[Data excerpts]

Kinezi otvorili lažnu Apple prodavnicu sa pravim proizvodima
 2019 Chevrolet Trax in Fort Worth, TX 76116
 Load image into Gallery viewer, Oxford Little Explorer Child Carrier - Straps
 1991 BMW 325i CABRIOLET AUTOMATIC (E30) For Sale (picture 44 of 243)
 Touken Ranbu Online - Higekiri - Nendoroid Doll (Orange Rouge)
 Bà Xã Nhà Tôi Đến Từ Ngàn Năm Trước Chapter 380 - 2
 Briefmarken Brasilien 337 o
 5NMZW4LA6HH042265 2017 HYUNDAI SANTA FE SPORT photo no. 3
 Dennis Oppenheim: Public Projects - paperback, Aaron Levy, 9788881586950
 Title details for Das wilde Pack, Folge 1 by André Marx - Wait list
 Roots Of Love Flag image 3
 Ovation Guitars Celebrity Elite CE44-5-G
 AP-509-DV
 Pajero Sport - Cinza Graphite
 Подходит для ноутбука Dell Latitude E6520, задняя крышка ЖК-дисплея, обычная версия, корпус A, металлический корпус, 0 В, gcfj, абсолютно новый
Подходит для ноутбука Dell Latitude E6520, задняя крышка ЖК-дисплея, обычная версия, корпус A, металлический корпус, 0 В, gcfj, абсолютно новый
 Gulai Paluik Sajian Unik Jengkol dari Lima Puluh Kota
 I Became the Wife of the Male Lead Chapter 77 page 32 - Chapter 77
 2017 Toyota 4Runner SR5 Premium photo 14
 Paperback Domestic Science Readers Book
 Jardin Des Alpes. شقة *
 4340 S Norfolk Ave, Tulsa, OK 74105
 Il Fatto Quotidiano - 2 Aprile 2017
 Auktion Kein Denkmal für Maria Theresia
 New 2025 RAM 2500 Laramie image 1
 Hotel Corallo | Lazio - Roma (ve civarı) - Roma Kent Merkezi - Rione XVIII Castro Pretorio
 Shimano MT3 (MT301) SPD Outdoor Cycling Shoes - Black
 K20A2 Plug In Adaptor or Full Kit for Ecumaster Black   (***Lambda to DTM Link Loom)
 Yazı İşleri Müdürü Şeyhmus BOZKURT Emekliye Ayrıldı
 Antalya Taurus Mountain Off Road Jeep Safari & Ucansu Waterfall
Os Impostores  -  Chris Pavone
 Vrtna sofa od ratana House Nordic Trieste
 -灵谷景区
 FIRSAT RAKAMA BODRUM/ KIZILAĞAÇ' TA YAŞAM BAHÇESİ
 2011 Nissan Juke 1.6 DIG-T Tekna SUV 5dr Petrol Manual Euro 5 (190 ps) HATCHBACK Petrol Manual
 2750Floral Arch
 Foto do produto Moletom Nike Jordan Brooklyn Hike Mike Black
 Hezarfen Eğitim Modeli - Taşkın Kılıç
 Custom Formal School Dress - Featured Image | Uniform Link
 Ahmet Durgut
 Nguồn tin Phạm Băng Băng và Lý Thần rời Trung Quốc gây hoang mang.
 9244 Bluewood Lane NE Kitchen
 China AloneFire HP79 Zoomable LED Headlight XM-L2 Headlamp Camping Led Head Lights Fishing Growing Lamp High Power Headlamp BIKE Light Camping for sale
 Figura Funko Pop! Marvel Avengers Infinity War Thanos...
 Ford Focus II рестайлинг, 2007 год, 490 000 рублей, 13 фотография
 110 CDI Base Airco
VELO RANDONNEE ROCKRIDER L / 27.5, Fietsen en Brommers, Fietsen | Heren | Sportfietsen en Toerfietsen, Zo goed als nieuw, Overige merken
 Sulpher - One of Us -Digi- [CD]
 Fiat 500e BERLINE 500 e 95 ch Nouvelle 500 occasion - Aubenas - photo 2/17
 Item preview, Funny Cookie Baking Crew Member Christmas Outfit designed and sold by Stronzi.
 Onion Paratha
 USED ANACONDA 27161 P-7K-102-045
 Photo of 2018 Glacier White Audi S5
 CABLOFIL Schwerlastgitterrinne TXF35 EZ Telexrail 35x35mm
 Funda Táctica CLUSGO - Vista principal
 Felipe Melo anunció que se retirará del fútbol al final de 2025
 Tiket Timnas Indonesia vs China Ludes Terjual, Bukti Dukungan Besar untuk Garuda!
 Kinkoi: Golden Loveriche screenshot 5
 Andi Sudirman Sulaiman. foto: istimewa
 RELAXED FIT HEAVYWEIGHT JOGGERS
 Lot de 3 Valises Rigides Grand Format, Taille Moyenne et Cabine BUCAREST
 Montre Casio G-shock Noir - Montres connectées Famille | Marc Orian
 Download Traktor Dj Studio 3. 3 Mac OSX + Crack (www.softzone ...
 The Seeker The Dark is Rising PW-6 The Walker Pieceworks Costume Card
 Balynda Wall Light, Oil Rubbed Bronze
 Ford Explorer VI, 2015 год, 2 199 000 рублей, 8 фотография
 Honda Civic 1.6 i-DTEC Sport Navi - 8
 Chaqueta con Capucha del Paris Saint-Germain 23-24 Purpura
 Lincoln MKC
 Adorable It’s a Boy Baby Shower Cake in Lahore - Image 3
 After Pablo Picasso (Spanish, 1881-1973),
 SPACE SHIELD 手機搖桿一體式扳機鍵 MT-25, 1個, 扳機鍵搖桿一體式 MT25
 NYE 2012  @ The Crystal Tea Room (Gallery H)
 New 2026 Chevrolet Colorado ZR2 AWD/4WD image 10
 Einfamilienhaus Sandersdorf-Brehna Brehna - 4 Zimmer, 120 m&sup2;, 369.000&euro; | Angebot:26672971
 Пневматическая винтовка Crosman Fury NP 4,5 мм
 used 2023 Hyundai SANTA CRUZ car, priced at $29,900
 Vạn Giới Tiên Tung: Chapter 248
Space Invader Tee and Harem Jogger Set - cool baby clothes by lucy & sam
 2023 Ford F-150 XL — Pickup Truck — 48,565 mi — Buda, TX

*How to complete this task*. Pull each line containing the word "версия" out of the data above.

*Exercise response*.
 Подходит для ноутбука Dell Latitude E6520, задняя крышка ЖК-дисплея, обычная версия, корпус A, металлический корпус, 0 В, gcfj, абсолютно новый
Подходит для ноутбука Dell Latitude E6520, задняя крышка ЖК-дисплея, обычная версия, корпус A, металлический корпус, 0 В, gcfj, абсолютно новый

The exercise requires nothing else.